The GOP bill would eliminate the Prevention and Public Health Fund starting in October of next year. No clear replacement has been proposed.
“This is about protecting Americans, so this is about saving lives,” Anne Schuchat, acting CDC director, said in an interview Tuesday, referring to the proposed elimination of the fund. She and other public health experts held a briefing at the Capitol on Tuesday on the growing threat of drug-resistant superbugs.
“An outbreak can happen anywhere,” she said. “It’s not a red- or blue-state kind of thing. And we want to sustain the defense of Americans’ health from these new emerging threats.”
The CDC’s former director, Tom Frieden, said that if the prevention funding is lost, “Americans will be at greater risk from vaccine-preventable disease, food-borne infections, and deadly infections contracted in hospitals.”
Most of the prevention and public health funds are sent to state and local health departments, with more than $625 million distributed among the 50 states and the District of Columbia last year. Public-health-advocacy groups and state and local public health officials are warning the Trump administration and Congress of what they describe as the disastrous consequences of eliminating the fund without a corresponding budget increase to compensate for the loss.

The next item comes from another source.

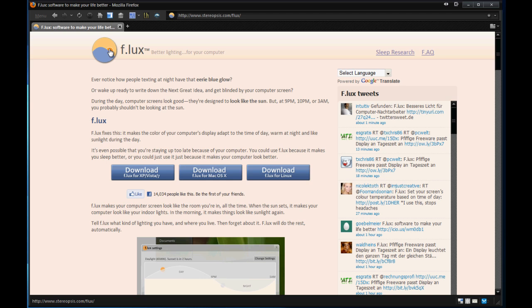And F.lux is what it does. It adjusts your lighting and your time of day and it automatically kind of dims your screen or adds that eerie glow to it depending on the time shift. So it says your F.lux fixes this. It says it makes the color of your computer's display adapt to the time of day, warm at night and like sunlight during the day.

State and local public health officials plan to meet with members of Congress and administration officials this week to make the case for continued investments in public health and prevention. Cuts in those funds, combined with potential federal budget cuts at the CDC and other health agencies, “could amount to a catastrophic year for public health funding,” according to a statement from the Association of State and Territorial Health Officials, which represents U.S. public health agencies.
More than 500 public health organizations, children’s advocacy groups, universities and local health departments sent a letter to President Trump last week warning of the consequences of eliminating the prevention fund. Advocates and public health officials are hopeful that the money will be replaced, but there have been few indications that that is forthcoming.
“We haven’t heard that expressed by the leadership either in the House or Senate,” said John Auerbach, president and chief executive of the Trust for America’s Health, a public-health-advocacy organization that led the letter-writing effort.
Most of the attention of the ACA repeal has been on health insurance coverage, he said.
But if the CDC loses close to $1 billion in prevention funding, “we will see the loss of very important services that Americans in every city and town across the country have come to rely upon,” Auerbach said.
Among the personnel and programs that receive money from the prevention fund are the front-line workers in laboratory and epidemiology programs who must respond to “a new scary germ,” and health departments across the country that help them detect, respond to and control health-care associated infections, Schuchat said.
One of the biggest recipients of the prevention fund is the CDC’s immunization program, which last year received $324 million. The money is sent directly to states and local communities to improve immunization infrastructure, such as registries that allow providers to know which patients have received what vaccines. Money from the prevention fund accounted for about 40 percent of the CDC’s total immunization program funding last year.
Losing this funding would “cripple CDC’s ability to detect, prevent and respond to vaccine-preventable respiratory and related infectious diseases threats, including pandemic influenza,” according an agency summary on the impact of the prevention fund.
The prevention fund also supports a CDC-led surveillance program to monitor children at highest risk for exposure. For situations such as the recent lead-in-water crisis in Flint, Mich., “it’s the tool that allows you to identify when there’s a cluster of lead cases,” Auerbach said.